But we should also move on from post possessions, since more often than not Jokic is operating from the top of the key or the elbows anyhow. When he initiates scoring attempts from those spots on the floor – which often happens in tandem with point guard Jamal Murray in their highly-vaunted two-man game – he is most often rolling, cutting or driving to the basket.
The latter of those, driving to the basket, is frequently seen when Jokic attacks closeouts at the three-point arc as seen here when he drives in and draws a foul on Zach Collins, or breezes past Damian Lillard for his signature shot, a running floater in the lane. In such drives or rolls to the basket, the potentially quicker first step that could come with operating in a lighter weight class could give Jokic at least slightly more of an edge in beating his man, as well as helping him move more swiftly to the basket.
Of course, Jokic also does his fair share of pulling up and taking long midrange or three-point shots from those spots, as seen in the last three plays. Could losing the weight that he has help his shooting as well? It’s not as obviously clear of a connection as lighter weight might be to foot speed, but especially considering that Jokic had his best three-point shooting season (39.6%) at a visibly lighter weight two years ago than this season (33.3%) or the year before (32.4%) it’s at least plausible.
In any case, given that the preponderance of Jokic’s shot attempts – 68%, according to Cleaning the Glass – come from midrange or on three-pointers, and that 74% of his attempts (695 of 969 total) come on jumpers, drives, cuts and runners per NBA.com, it would seem that the aggregate effect of his weight loss should be more beneficial than not to his overall scoring game.

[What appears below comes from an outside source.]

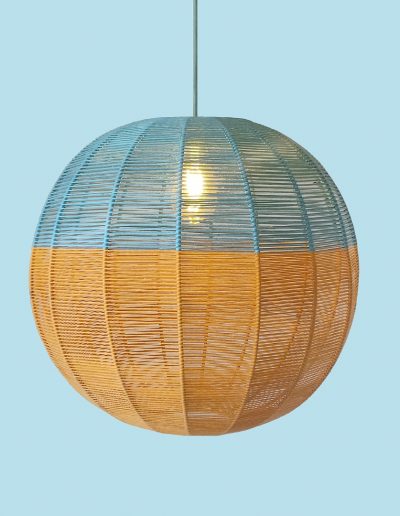 Blue Orange Yarn Pendant Light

Defense: How A Slimmer Jokic Might Struggle Or Thrive
Perhaps even more interesting, as it is in some ways counterintuitive, is the impact shedding weight might have on Jokic’s defensive game. Again we start with plays in which slimming down could be a liability, and again we start with post-ups, this time with Jokic on the other side of the ball.
Jokic clearly puts his bulk to effective use when guarding opposing bigs in the post, operating as not just a nearly-immovable object, but one with girth that’s difficult to get around as well. The proof is in the pudding here, as on 58 post possessions defended this season, Jokic has allowed just a 39.5% field goal percentage, per NBA.com.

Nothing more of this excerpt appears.